If that doesn't help, I fear that there may be no other possibility than to manually implement a "real" ack, by adding an ack port to your message and letting the receiver reply an ack as soon as the message has been received. At least that is simple with the AppSpace, since you can define as many response ports as you need in a single message.
One more thought: I am not exactly sure if pulling the network cable really reflects a reald world scenario. It may be better to try shutting down the server, or killing the application that is running on the server. Or do you really have a special use case where the connection between two machines can break like that?

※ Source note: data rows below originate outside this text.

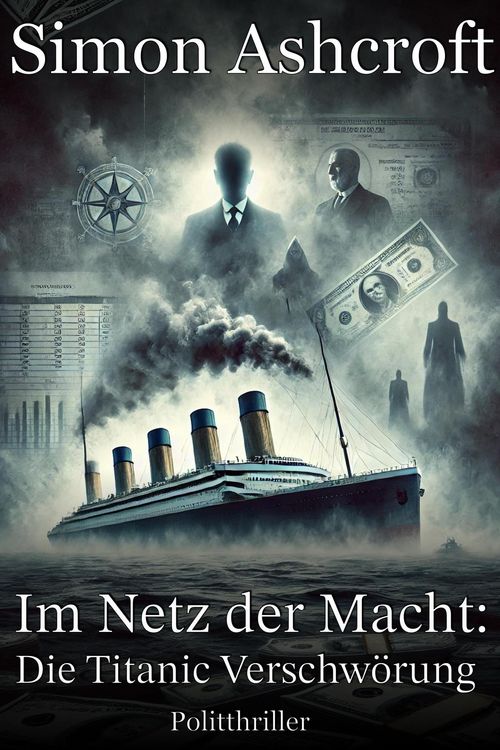 Produktbild: Die Titanic Verschw&ouml;rung (Im Netz der Macht, #3)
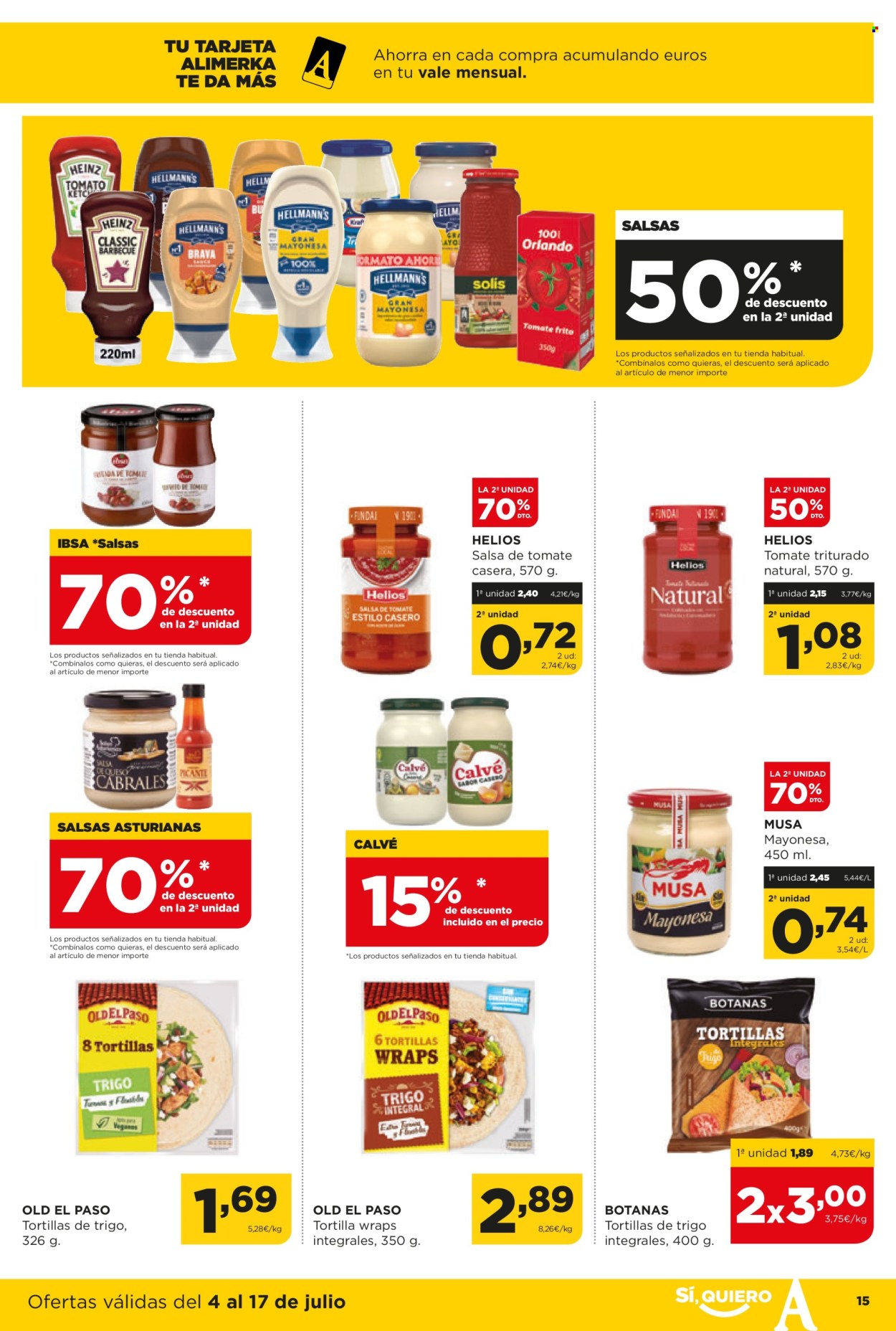 Folleto Alimerka - 04/07/24 - 17/07/24. Página 15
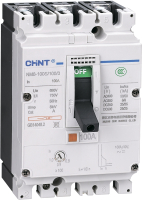 

Выключатель автоматический Chint, NM8-250S 3P 200А 50кА / 149478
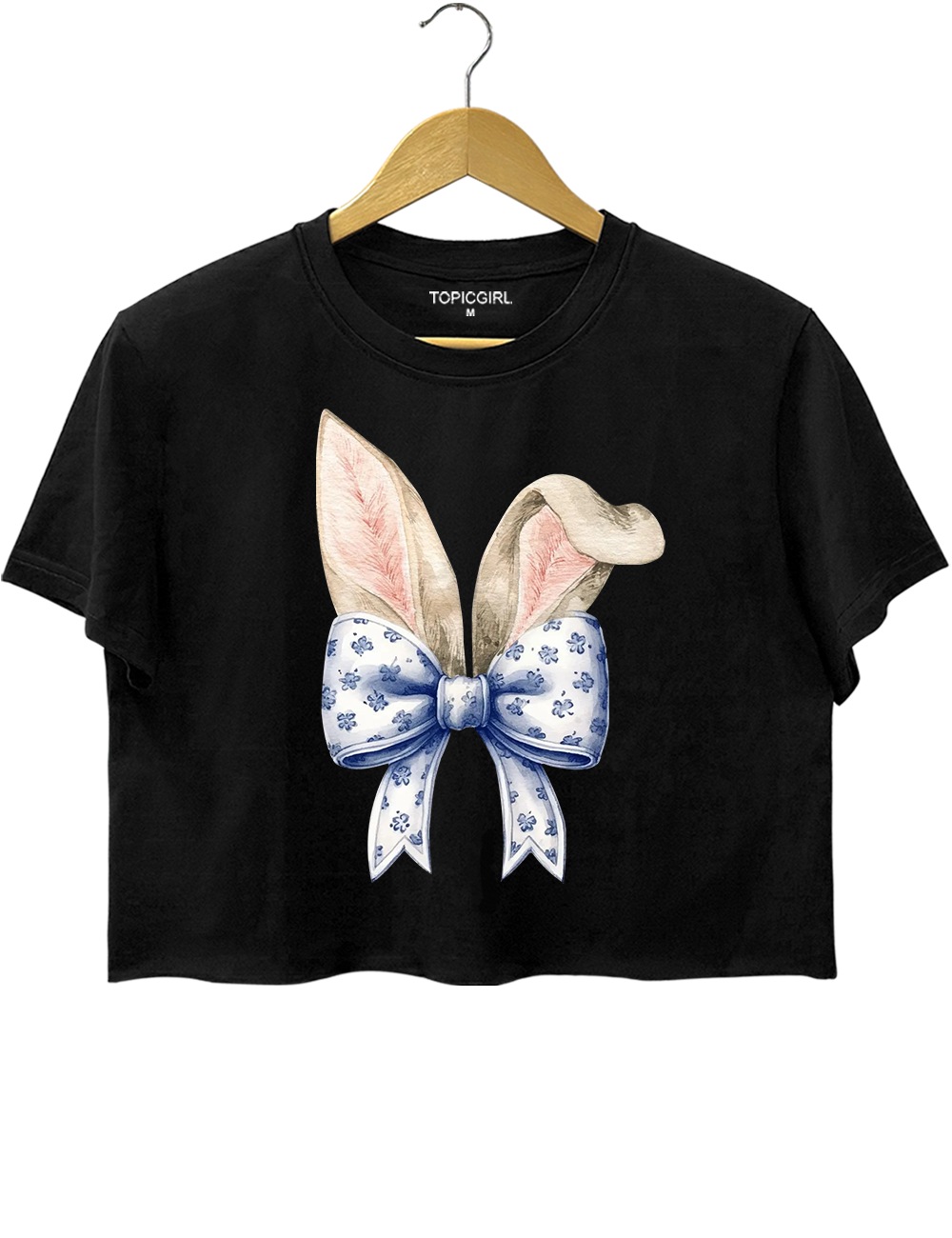 Easter Bunny Crop Top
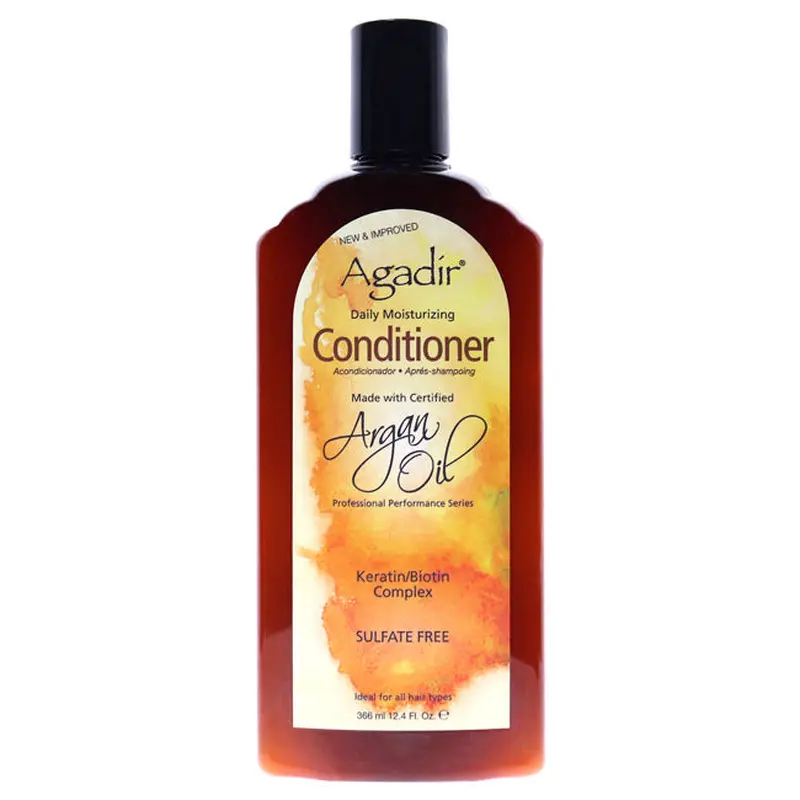 Agadir Argan Oil Daily Moisturizing Conditioner by Agadir for Unisex - 12.4 oz Conditioner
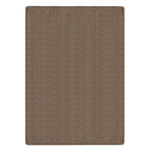 Studio Lares Rectangular Rug - Brown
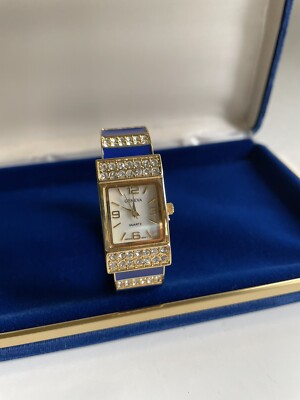 Geneva Bangle Cuff Ladies Watch - New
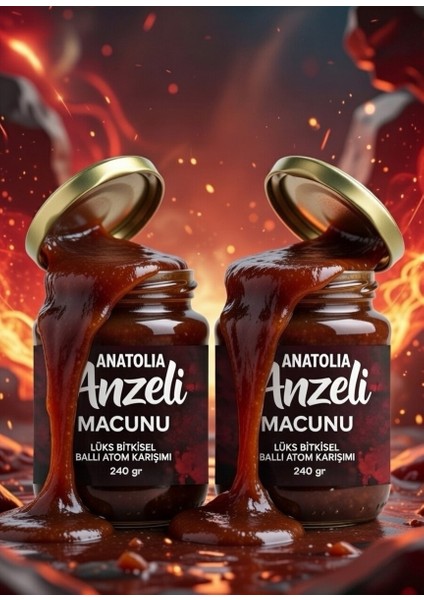 6 x 245 gr Toros Anzeli Ballı Karışık Bitkisel Macun Güç ve Ginsengli fiyatları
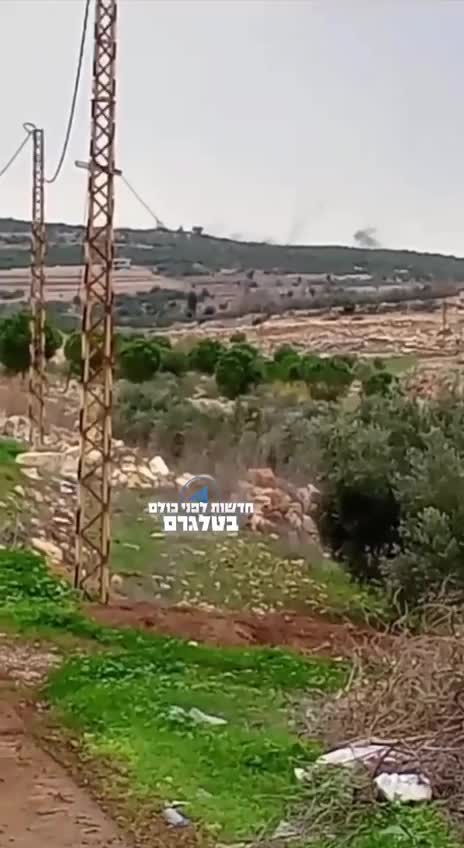 Ataque do exército israelense em Rchaf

mabra wrote Jun 24, 2013 at 10:01 AM

Hi Thomas!

Thanks for your reply.

The last thing first. What I am seeing mostly in (our companies) IT's infra is, that a part of the
network goes down. From top to down, I think, this is the order: WAN/LAN(Switch)/App/Server.

To not be able to send a message is bad, but not to avoid :-(
But to not get a failure is even more worse and I cannot really understand, why this can happen.
Sending an explicit response will have a big impact on the communication. TCP handles this
usually well with tcp windows. Could you probably point me to the right code in the AppSpace, which creates the tcp settings??

I made a tcp connection-checker some years ago and I'll spent time on it now, to see, how
this behaves in the mentioned situation. The tcp keepalive is usually only helpful, if there
are packages regularly exchanged [otherwise, it would nee about 1 hour].

I'll come back on this after some time.

br,
++mabra

thomass wrote Jun 27, 2013 at 2:35 PM

Hi mabra,
The code for the tcp socket communication can be found in the XcoAppSpaces.Transport.Sockets solution, see here: https://xcoappspace.codeplex.com/SourceControl/latest#trunk/source.implementation/XcoAppSpaces.Transport.Sockets/

Unfortunately I am rather busy right now, but if I find some time I will do some tests myself. Anyway, if you find improvements to the existing code, I will gladly integrate them.

Best regards
Thomas